This research aims to simulate bio-contamination risk propagation under real-life conditions in the water distribution system (WDS) of Lille University's Scientific City Campus (France), solving the source identification and the response modeling. Neglecting dynamic reactions and not considering the possible chemical decay of most of the contaminants leads to an overestimation of the exposed population. Therefore, unlike the available event detection models, this study considers the interrelated change of several water-quality parameters such as free chlorine concentration, pH, alkalinity, and total organic carbon (TOC) resulting from the pollutants blending. In fact, starting from regular WDS monitoring, the baseline thresholds for each of the mentioned parameters are established; then, significant deviations from the baseline are used as indication for contaminations. For this reason, the purpose of the research was to develop and demonstrate the feasibility of an artificial intelligence (AI)-based smart monitoring system that will effectively enable water operators to ensure a quasi real-time quality control for early chemical and/or bio-contamination detection and preemptive risk management. Advanced pattern recognizers, such as Support Vector Machines (SVMs), and innovative sensing technology solutions, such as Artificial Neural Network (ANN), have been used for this purpose, identifying the anomalies and the severity-level assessment.
Within the European project Smart Water for Europe (SW4EU) where the current paper was born, bounds of limitations on traditional approaches to optimal water quality sensor placement in water distribution systems (WDSs) were discussed together with limitations on the achievable performance of a water quality sensor network (van Thienen et al. 2018). Vitens, the largest drinking water company of the Netherlands, also allocated a designated part of their distribution network to be a demonstration network for online water quality monitoring, the Vitens Innovation Playground (VIP). In the VIP, a network of 44 sensors has been installed to transmit their data by GPRS to servers where the data were processed using event detection algorithms.
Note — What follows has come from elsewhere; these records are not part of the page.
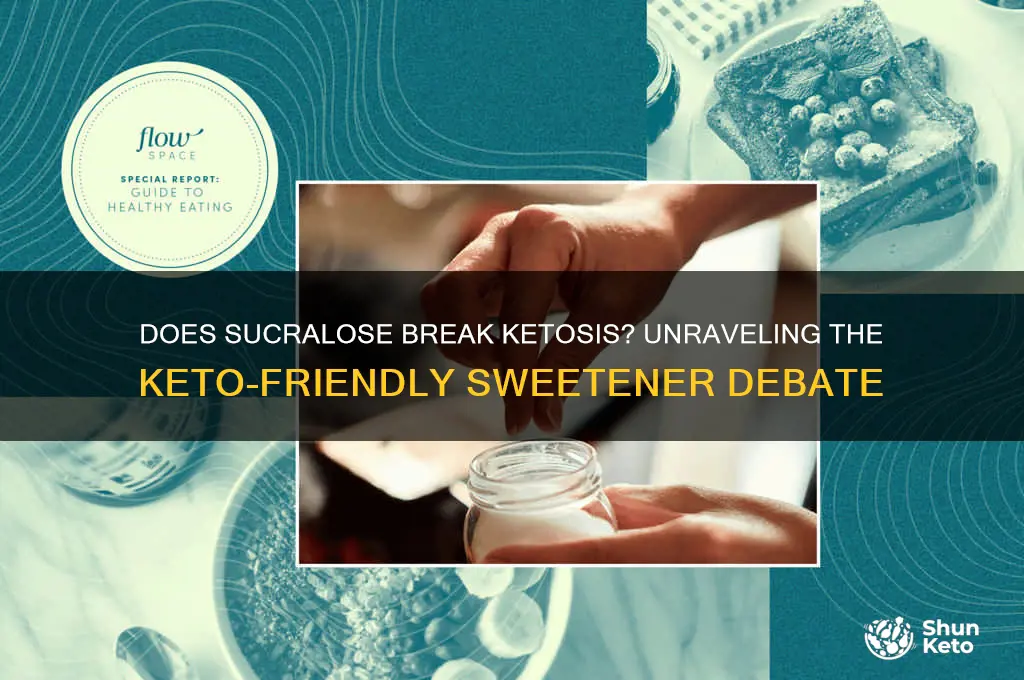 does sucrlose kick you out of keto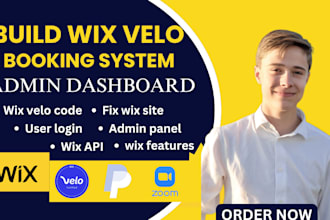 build fix wix velo booking, user dashboard wix api wix database wix velo expert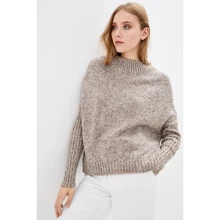 Джемпер Sewel JW576 One Size бежевый: Сезон Зима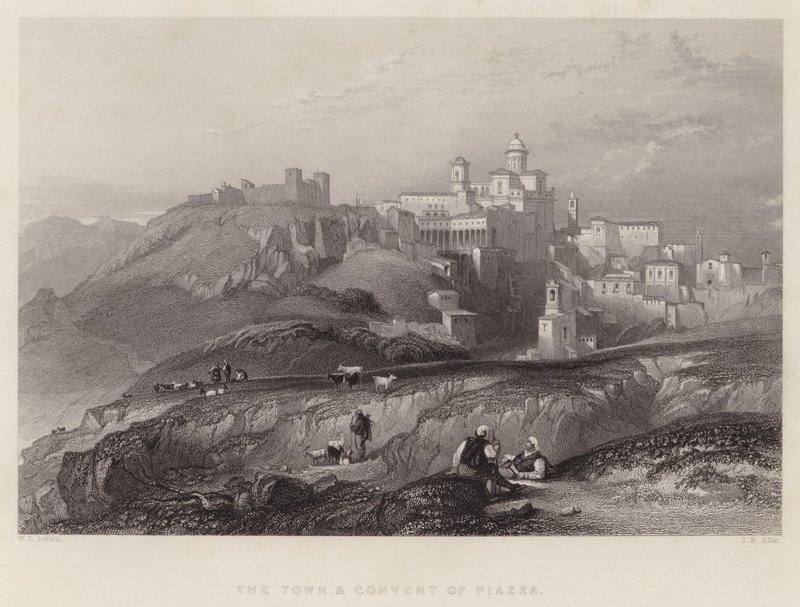 La Ciudad y Convento de Piazza de William Leighton Leitch
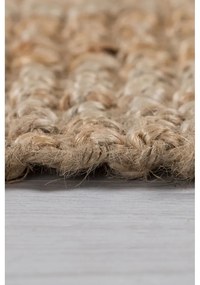 Natúr színű kézi szövésű juta futószőnyeg 60x300 cm Jute Boucle – Flair Rugs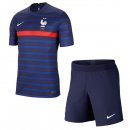 Maillot France Domicile Enfant 2020 Bleu Pas Cher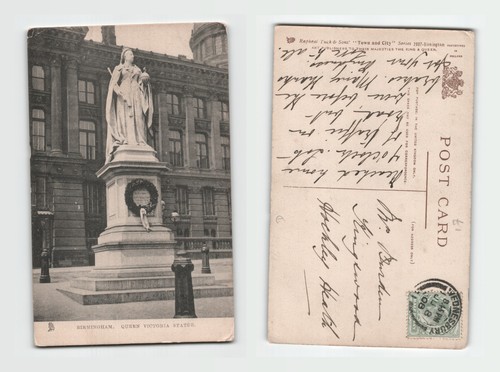 Postcard birmingham queen - -,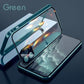 Magnetic Tempered Glass Double-Sided Phone Case For iPhone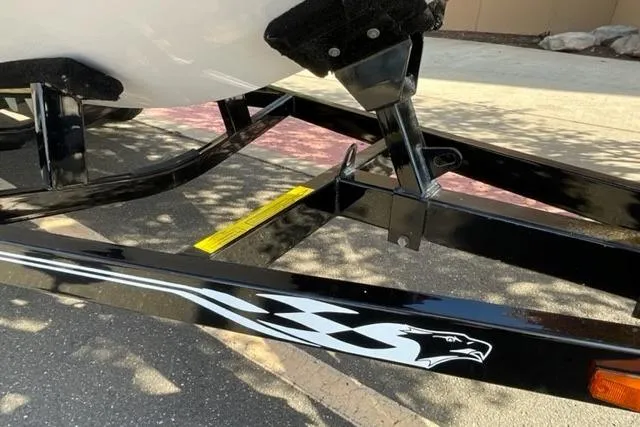 Slide: The Image of Trailer for 2009 Nautique Ski Nautique 196 with eagle logo design. - 11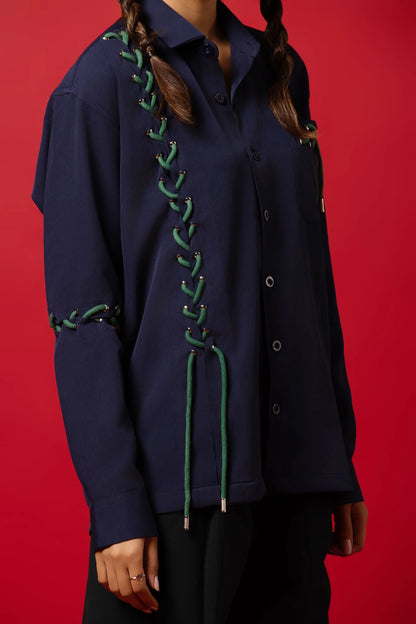 Seoul Strings Blue Shirt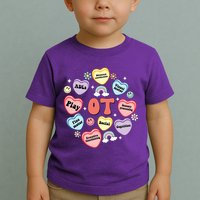 Occupational Therapy Candy Heart Valentines Day Toddler T-Shirt
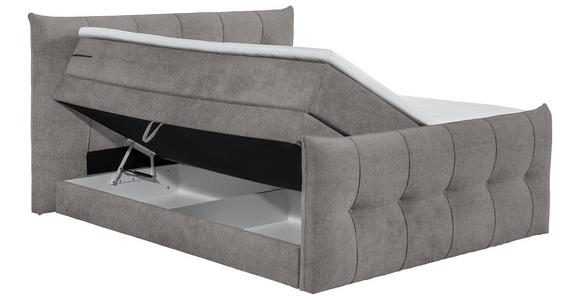 BOXSPRINGBETT 180/200 cm  in Dunkelgrau  - Dunkelgrau/Schwarz, Basics, Holzwerkstoff/Kunststoff (180/200cm) - Esposa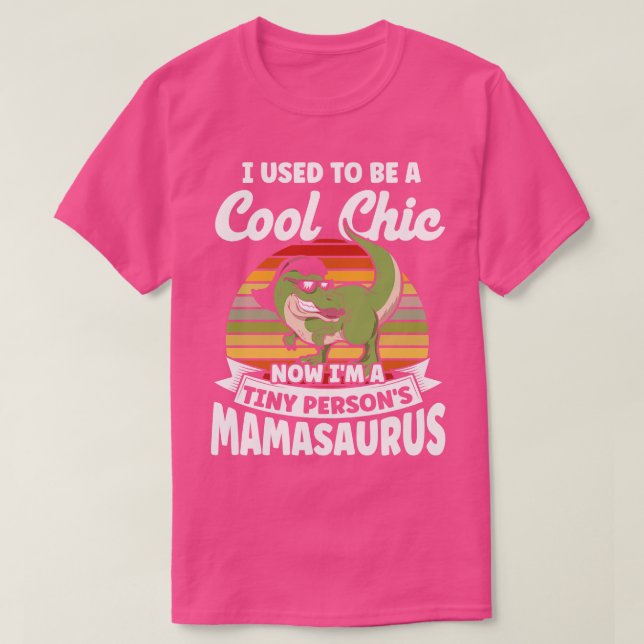 Im A Tiny Persons Mamasaurus T Rex Family Matching T Shirt (Design framsida)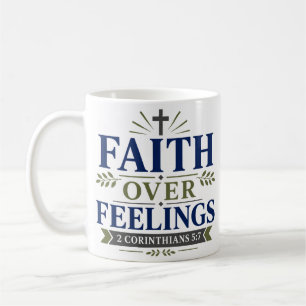 Taza De Café Cita diaria de fe sobre la fe por encima de los se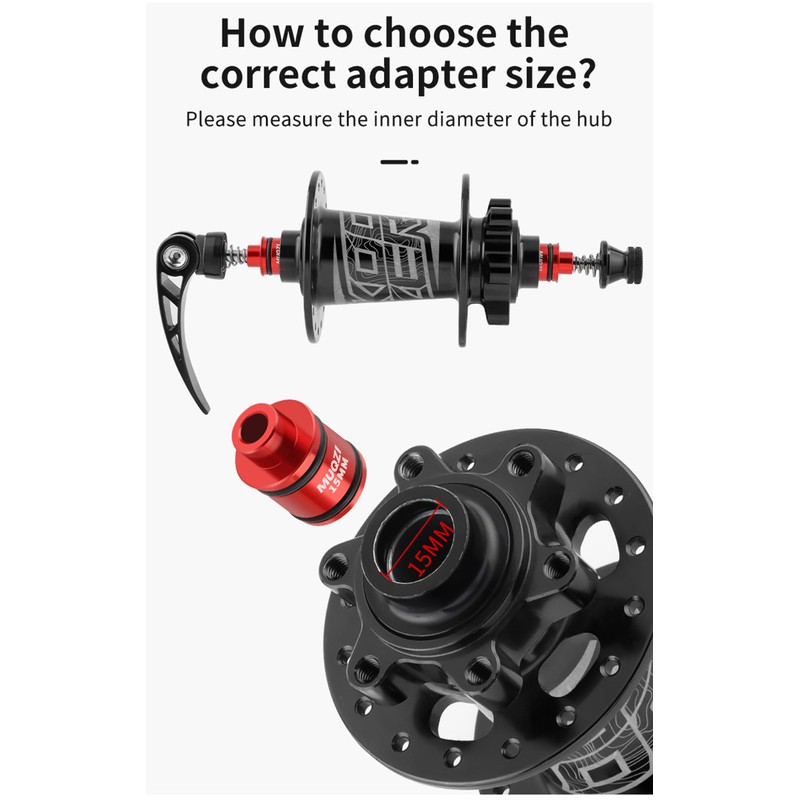 Mountain Bike Thru-Axle to Quick Release Hub Converter Adapter -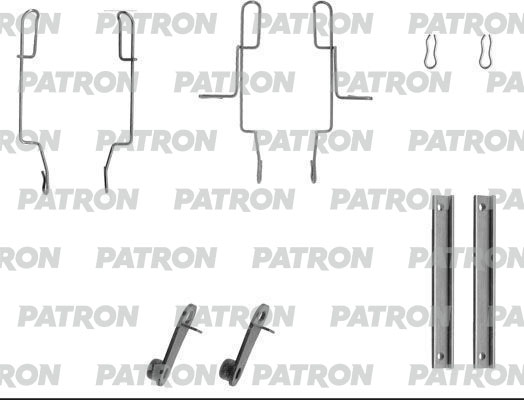 

Комплект монтажный тормозных колодок PATRON psrk1072
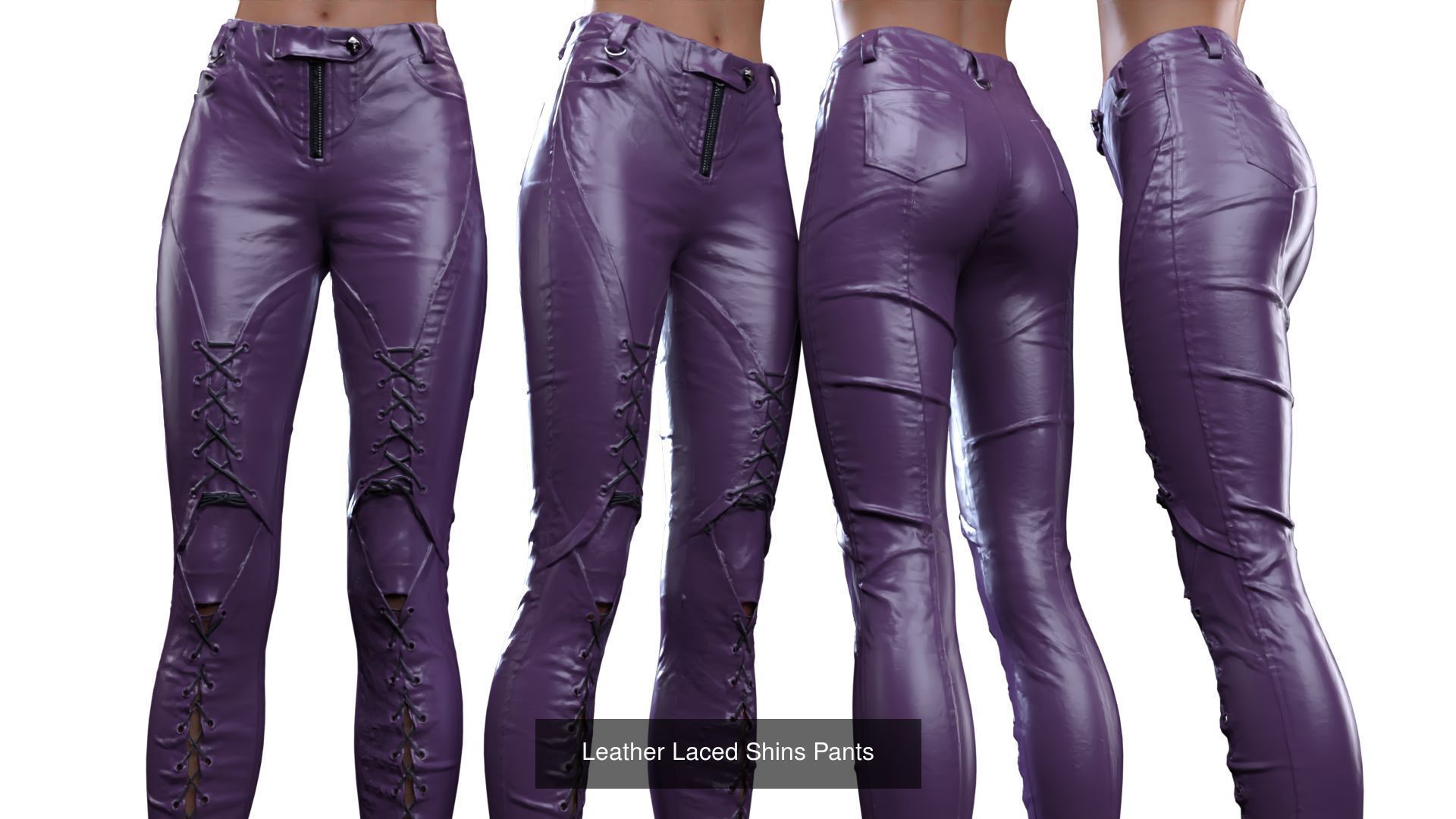 26 Trousers and Leggings 3D Model Collection_25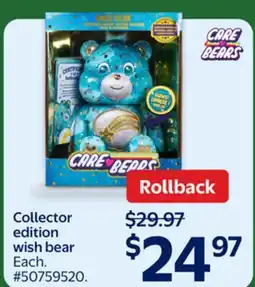 Walmart Collector edition wish bear offer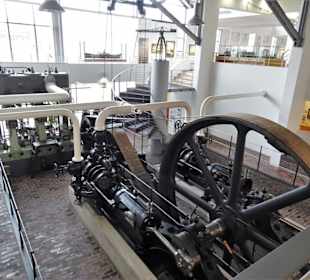 Dampfmaschine im Museum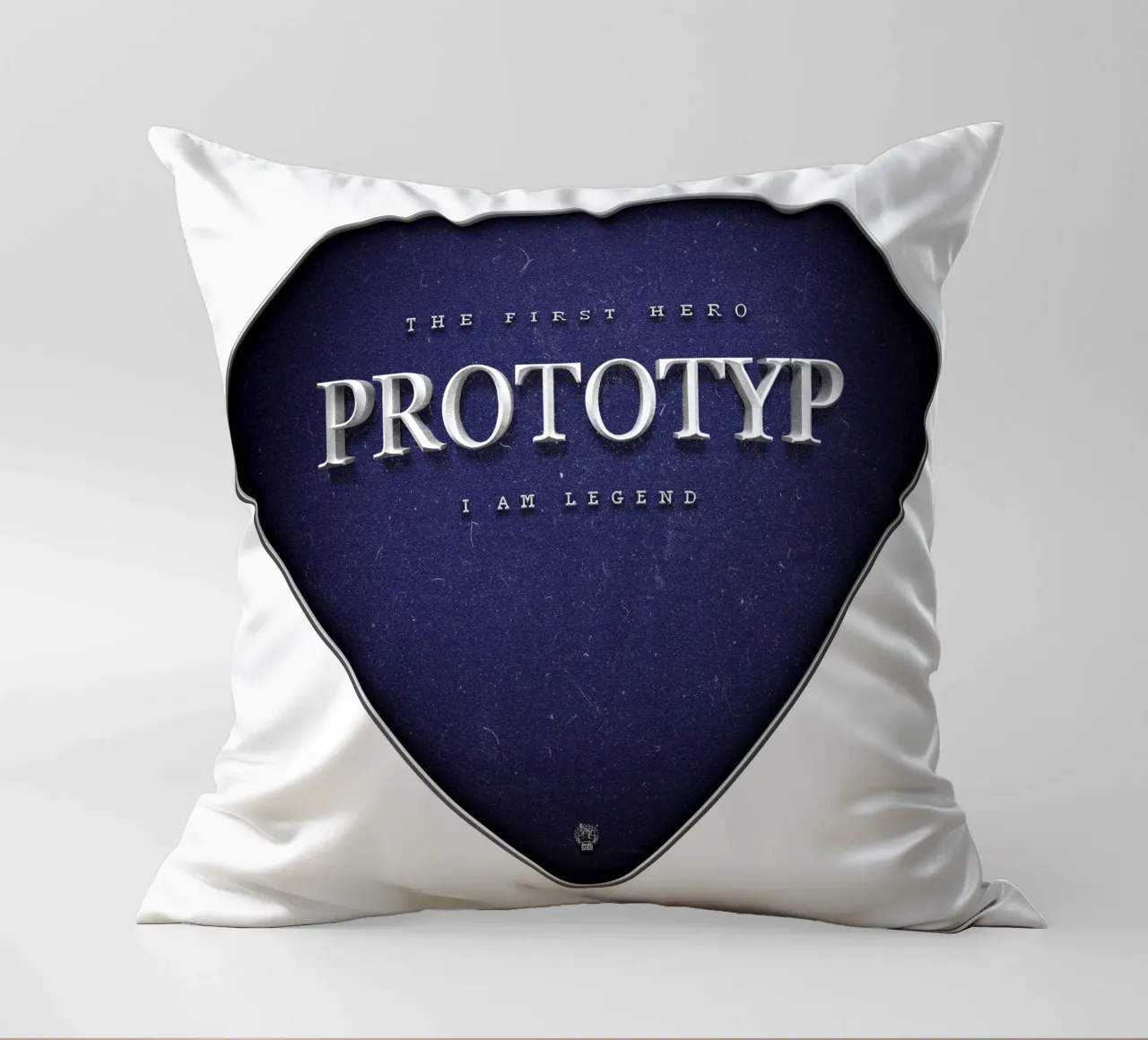 Prototyp - The First Hero cuscino da Black Sign Artwork
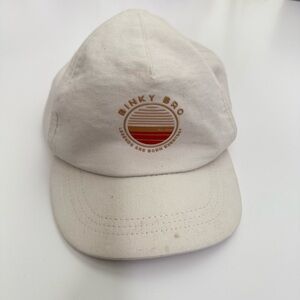 Binky Bro todder cream flat Cap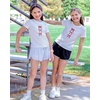 image:imageStelle Girls Graphic T Shirt Cotton Crewneck Short Sleeve Casual Tee  Classic fit Short sleeve Soft cotton blend Breathable Stretch Graphic print School Playdates Vacation Girls tshirtSweet Knotwhite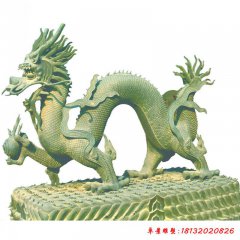 十二生肖銅雕像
Deployed as an online sensor network, it allowed early detection and rapid response, as well as accurate location of the spread of a contamination within the distribution network (Williamson et al. 2014).
In addition, various models were developed for event detection in WDSs. The detection of a contamination event requires that the related variations in the values of the measured parameters can be distinguished from the normal daily and/or seasonal fluctuations. It is therefore necessary to use specific algorithms, essentially based on statistical or stochastic methodologies (van Thienen et al. 2013; Blokker et al. 2016). In order to improve the EDS, in recent years data-driven models such as Artificial Neural Networks (ANNs) have been successfully applied for water quality evaluation that focuses on modeling and prediction. Perelman et al. (2012) and Arad et al. (2013) developed a model based on multivariate artificial neural networks followed by a Bayesian event classification. Murray et al. (2011) used pH, conductivity, and turbidity coupled with Bayesian Belief Networks (BBNs) for event detection of Escherichia coli.Yang (2013) developed a system-wide algorithm, integrating the binary signals of each sensor's independent event detection with a source identification model that is based on a backtracking algorithm. By cross-referencing sensor alerts, the algorithm rated the probability of an event occurrence. Arad et al. (2013) aimed to improve the study of Perelman et al. (2012) by applying adaptive updating dynamic thresholds, which are characterized by a sliding window size, and are computed as a function of the error standard deviation of the sliding window.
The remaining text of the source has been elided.